◆ What to do ◆
Exactly as they appear, output all of the records. Skip any images.

===

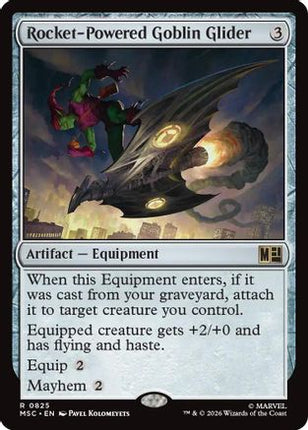 Rocket-Powered Goblin Glider (825) [Commander: Marvel Super Heroes] Foil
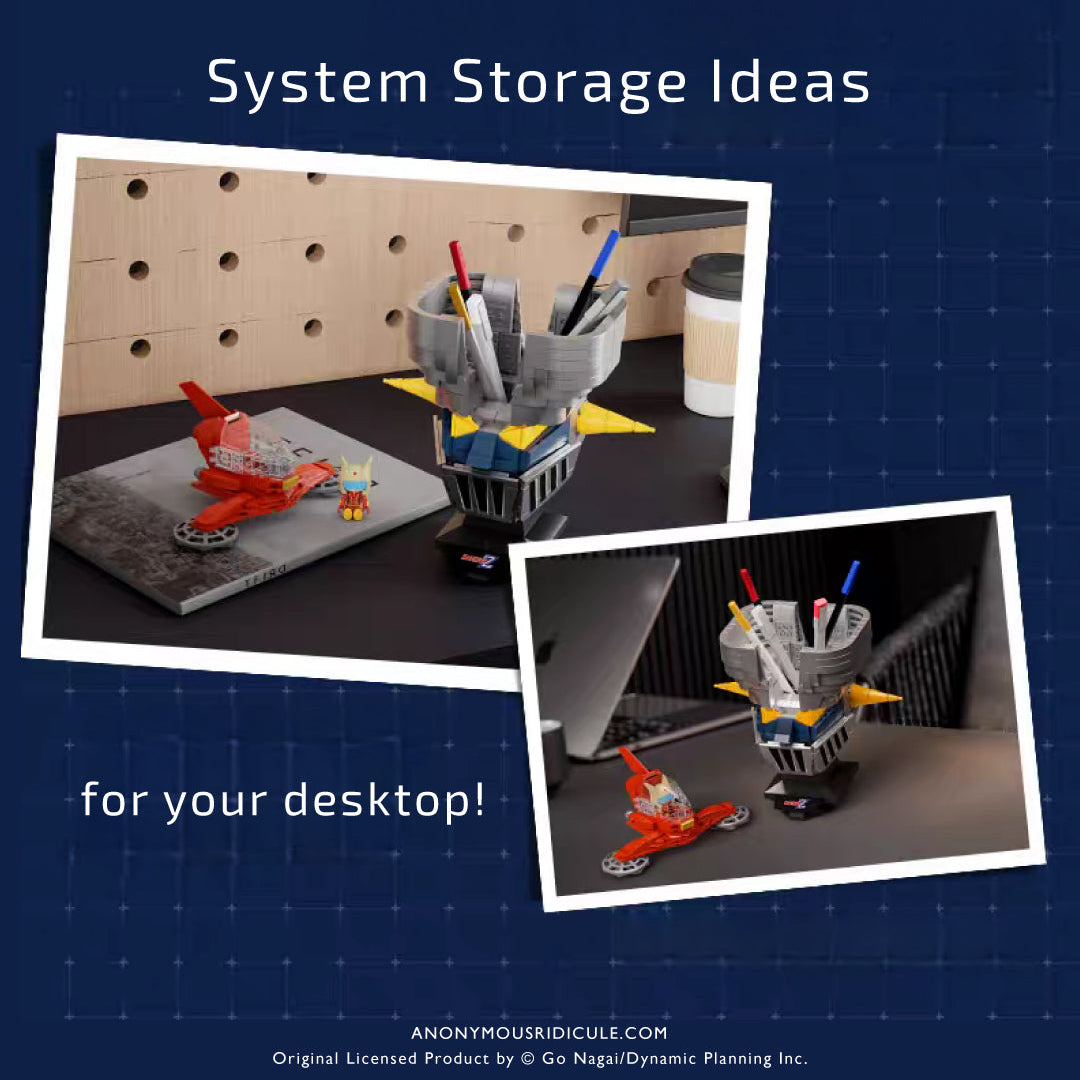 Mazinger Z Bust Building Block Set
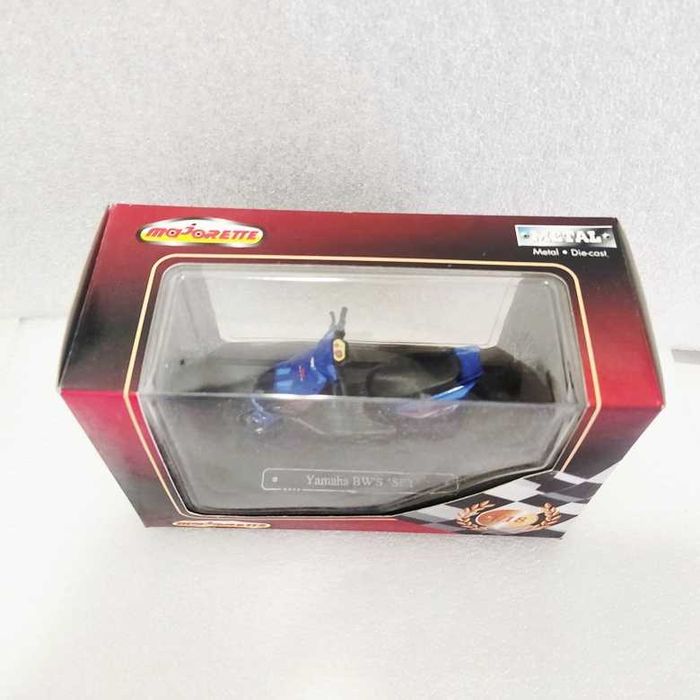 Majorette Yamaha BW'S SPY escala 1/18 na caixa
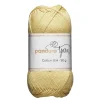 Garn Cotton 8/4 50 g lys gul
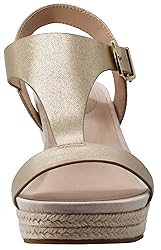 Kenneth Cole REACTION Women's Card Wedge, Soft Gold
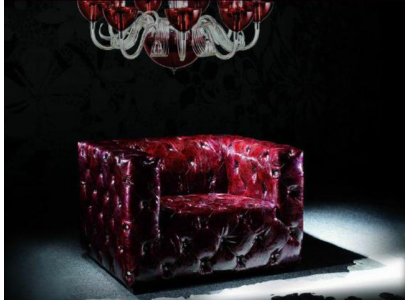 Chesterfield Armchair Leather Sofa Luxury Armchair Bordeaux Club Chair New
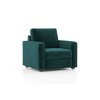 Apollo Compact 1 Seater Fabric Sofa in Malibu Colour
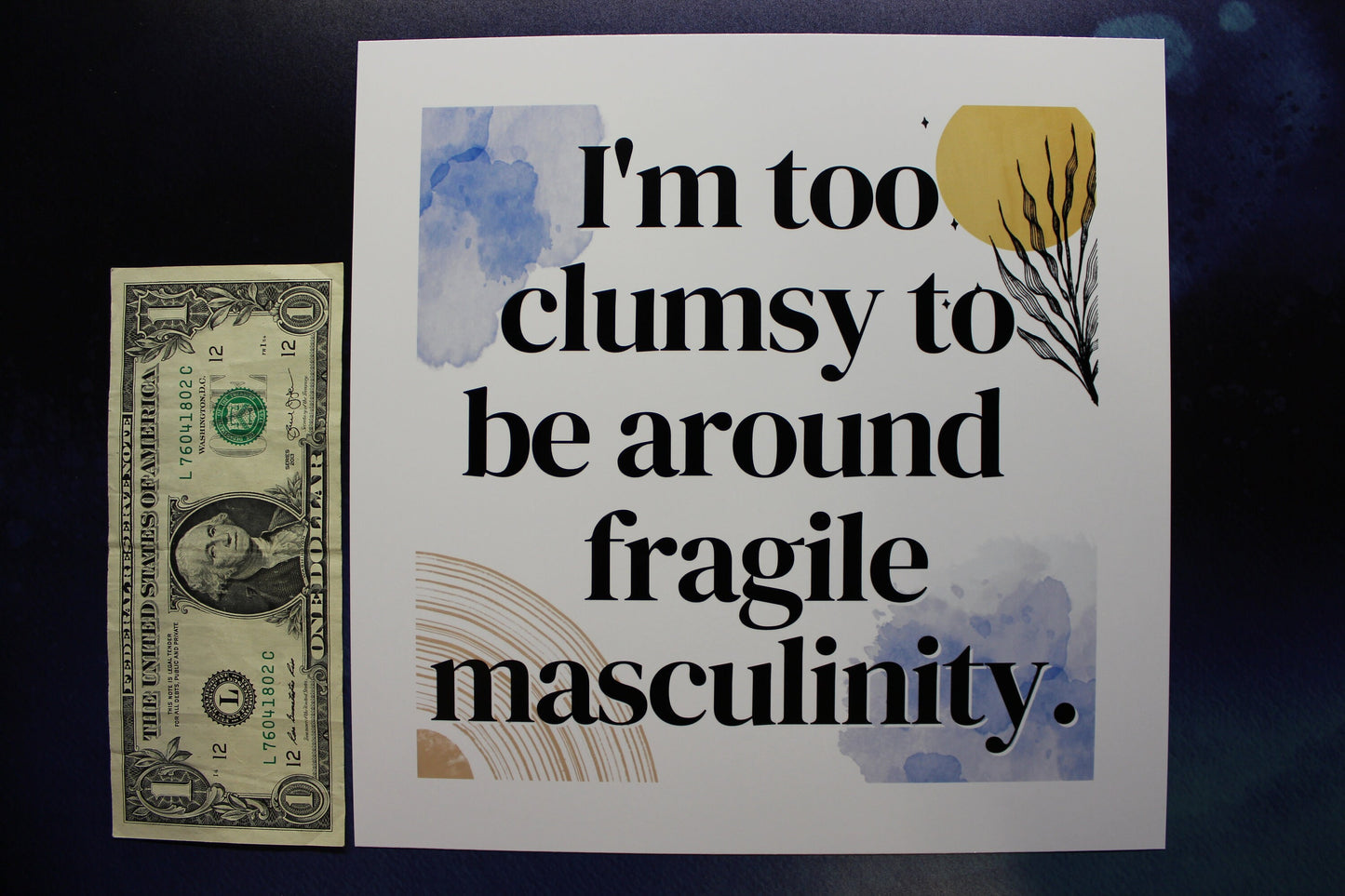 Fragile Masculinity Art Print Ready To Be Framed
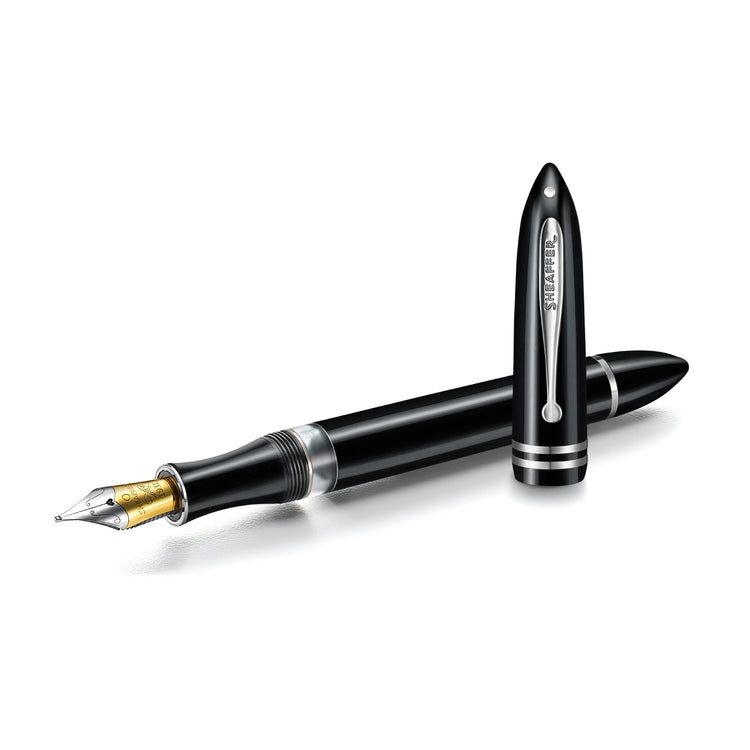Sheaffer Balance III E892 Fountain Pen in Glossy Black & Chrome Trims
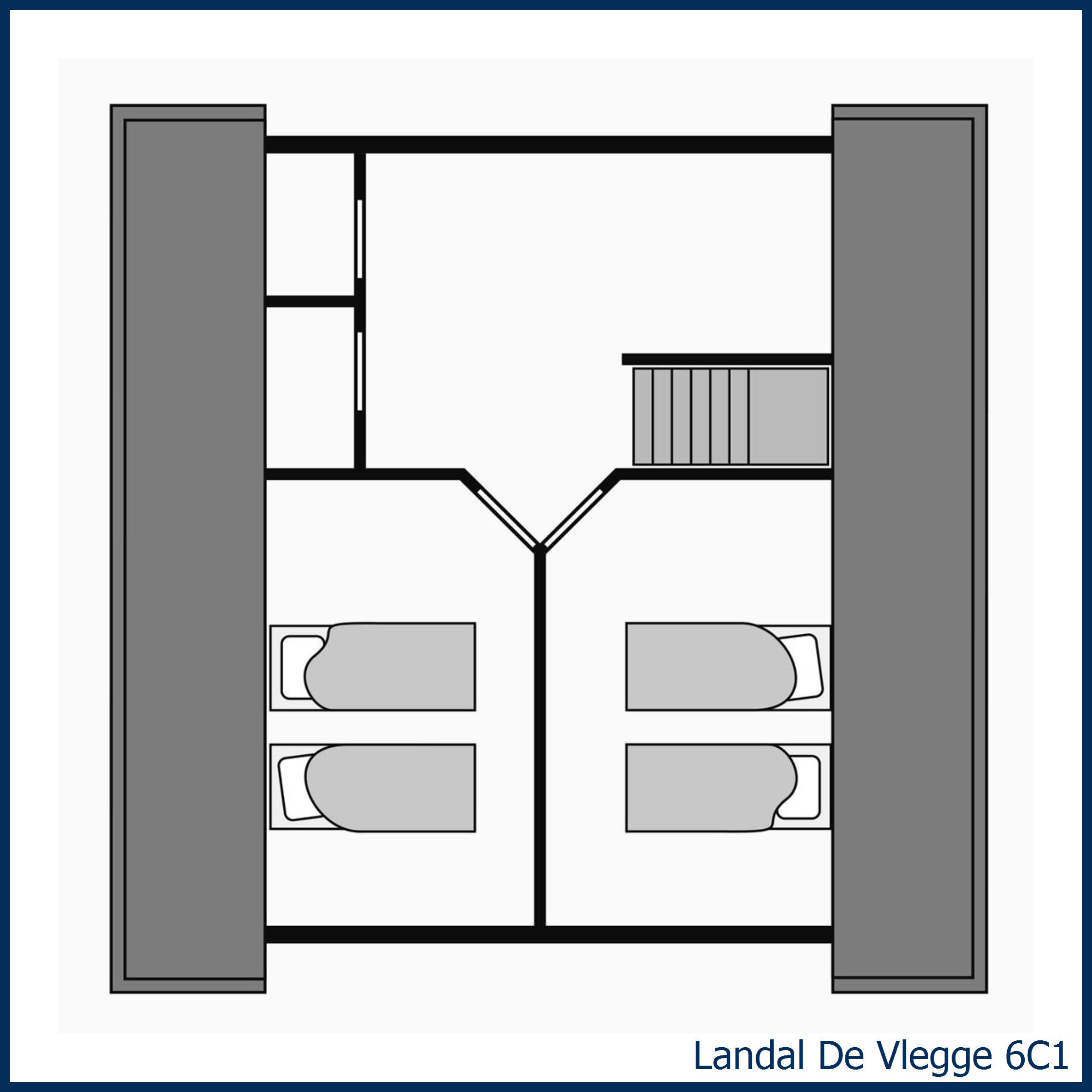 Bungalow 6C1 at De Vlegge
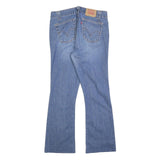 LEVI'S 525 Womens Jeans Blue Regular Flared Denim Medium W30 L27 Zip Cotton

===

◆ Expected answer ◆
 Rocket-Powered Goblin Glider (825) [Commander: Marvel Super Heroes] Foil
 Mazinger Z Bust Building Block Set
 Majorette Yamaha BW'S SPY escala 1/18 na caixa
 Garn Cotton 8/4 50 g lys gul
 Kenneth Cole REACTION Women's Card Wedge, Soft Gold
 Chesterfield Armchair Leather Sofa Luxury Armchair Bordeaux Club Chair New
 Apollo Compact 1 Seater Fabric Sofa in Malibu Colour
 Fragile Masculinity Art Print Ready To Be Framed
Sheaffer Balance III E892 Fountain Pen in Glossy Black & Chrome Trims
 Bungalow 6C1 at De Vlegge
 LEVI'S 525 Womens Jeans Blue Regular Flared Denim Medium W30 L27 Zip Cotton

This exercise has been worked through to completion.